How likely are you to read a book that’s been recommended to you?
Pretty likely. If a friend whose taste I trust tells me I’ll like something, I’m willing to give it a shot. After all, if I don’t like it I can just quit reading it. There’s no law that says you have to finish a bad book.

How likely are you to recommend a book (that isn’t yours)?
Very, very likely. I’m not known for keeping my mouth shut when I dislike something, but by the same token on those (sadly rarer) occasions when I find something I really like, I don’t hesitate to recommend it. For example, just this year alone I’ve gotten a couple friends hooked on reading Patrick Rothfuss’s “Kingkiller Chronicles” novels.

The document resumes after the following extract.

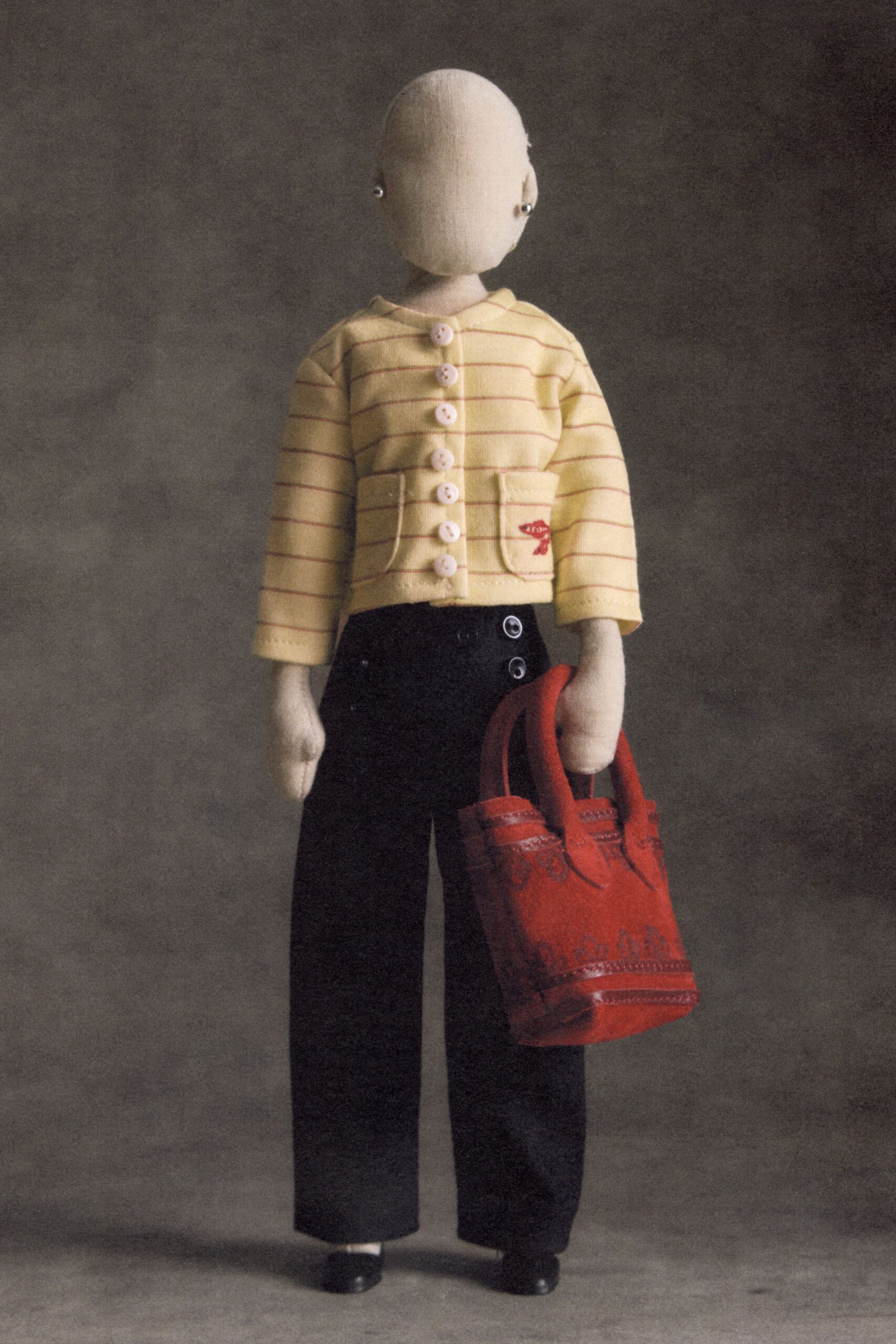 yellow knit long-sleeve collared structured buttoned striped jacket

What do you look for in a good book?
That’s a tough one to answer, but I’d say that what it really boils down to is that I want to be swept up in the story. I want to care about the characters, what they do, what happens to them. I want the setting to come alive. And in the case of Fantasy fiction (my usual pleasure reading), I want that sense of wonder, majesty, and awe that I think Fantasy should have. A lot of older writers (Dunsany, Tolkien, Vance, Howard, Carter…) knew how to create that and infuse their stories with it. Few writers these days do, at least for my taste.

Why do you write?
It’s my creative outlet — I’d do it even if I weren’t getting paid for it (but I’m glad that I am). That’s not a very original answer, I admit, but that’s the way it is. 😉

If you couldn’t be a writer, what would you be?
I used to be an attorney, but I don’t think I’d go back to that. If I could pick anything? Hmmm… archaeologist? architect? artist? ninja? psychiatrist? FBI agent? professor? There are so many cool things to do that it’s difficult to pick just one.

Where do you draw your inspiration from?
Everywhere and anywhere! There are story possibilities in just about every little thing you encounter or sense during the day. For example, I’m currently writing a short story inspired by the little patch of woods half a block from my house.

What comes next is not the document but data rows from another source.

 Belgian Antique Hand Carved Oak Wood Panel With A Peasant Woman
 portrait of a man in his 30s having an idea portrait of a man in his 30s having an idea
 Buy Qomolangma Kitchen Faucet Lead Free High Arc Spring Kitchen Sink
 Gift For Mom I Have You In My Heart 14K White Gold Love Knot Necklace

What has writing taught you about yourself?
Ummmm… plaid? I don’t know that it’s taught me anything about myself, really. I don’t think of it as a spiritual process.

How do the people in your life seem to view your writing career?
They’re supportive of it and curious about it. I know some of them think what I do is a little “unusual,” but that’s pretty much correct. 😉 And I think a few of them are jealous of my control over my own schedule.

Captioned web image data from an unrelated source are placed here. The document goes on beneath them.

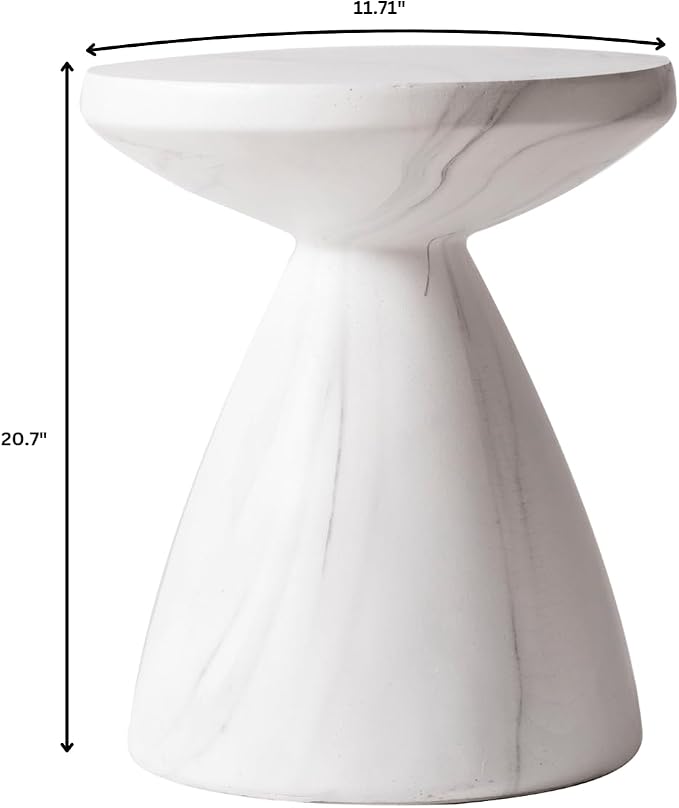 LeisureMod Modern Side Table Lightweight Fiberstone Top 20" Round Accent Table and Hourglass Pedestal Base for Outdoor or Indoor Dune Series in White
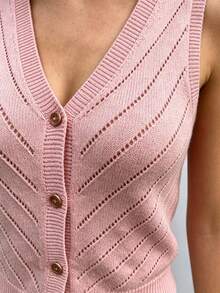 EMERY ROSE Casual Versatile Sleeveless Pink Thin Cardigan - Pink - View 6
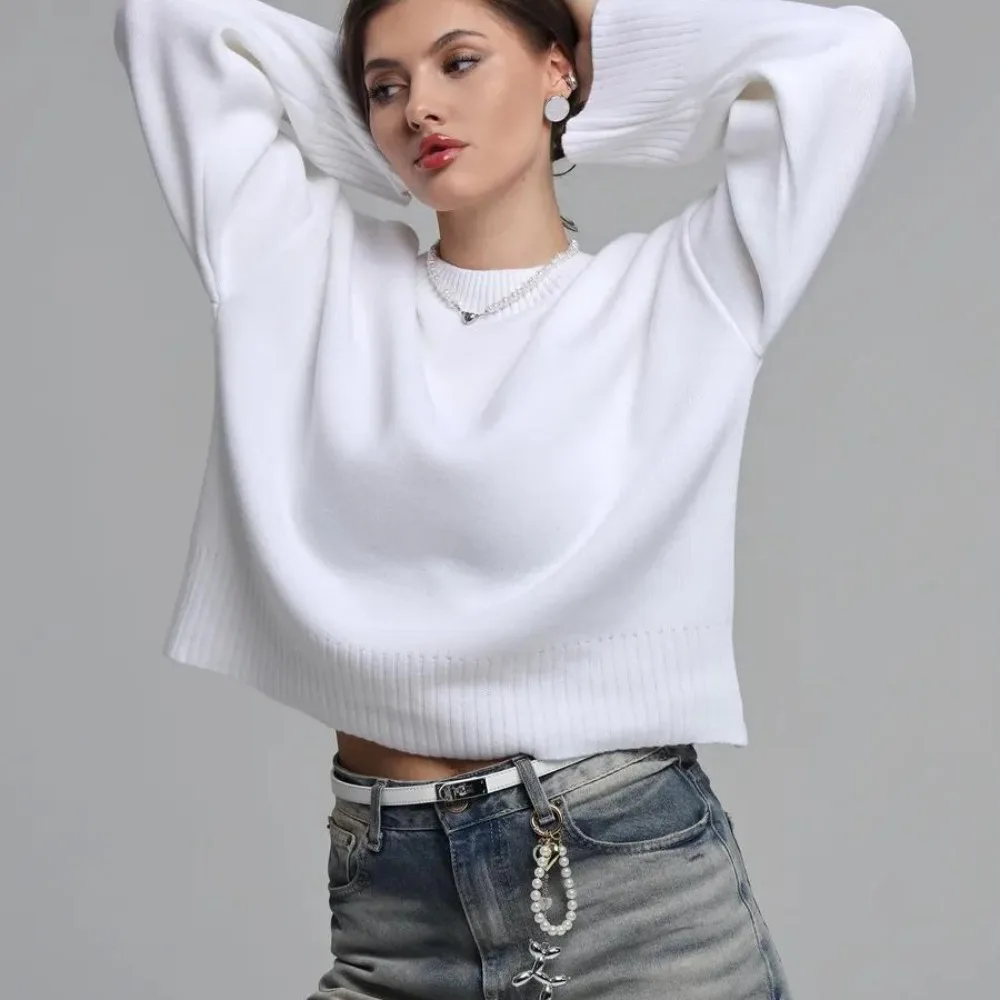 

Sweet Solid O-neck Knitted Sweater Autumn and Winter Women Elegant Fashion Versatile Loose Warm Long Sleeved Pullover Sweater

Are there any stereotypes about writers that you don’t think are true?
Probably any and all of them. Writers are such a diverse bunch that I don’t think you can accurately say much about us as a group other than that we write.

What do you see as the biggest challenge today for writers starting out?
The same challenge writers have always had — getting noticed, attracting readers/customers. Self-publishing offers possibilities that never existed before, which is great, but I don’t think the odds of a starting writer succeeding via self-publishing are much different than they’ve always been via “traditional” publishing.

Have you made any writing mistakes that seem obvious in retrospect but weren’t at the time?
Oh, sure, lots of them. Little things, mostly, but looking back on my work I can see them. I like to think that every book or story I write, I learn something.

Is there a particular project you would love to be involved with?
It’s hard to name just one! There are so many things I’d love to work on. For example there are lots of licensed RPGs for favorite IPs of mine that I never got to work on. From a fiction standpoint, I’d love to be involved in creating a classic “shared world” anthology that went on to become a big success.

How do you deal with your fan base?
With as much respect and love as possible! I really appreciate my fans and am grateful for every one of them. I just wish I had a few million more. 😉

Finish this sentence; my fans would be surprised to know ___ about me.
That I’m really not that big a fan of many IPs in genre culture. Some of the biggest or most popular (e.g., Superman, Star Wars) just don’t hold that much appeal for me. I often seem to be attracted to the old and now-neglected stuff, the quirky classics, the obscure authors.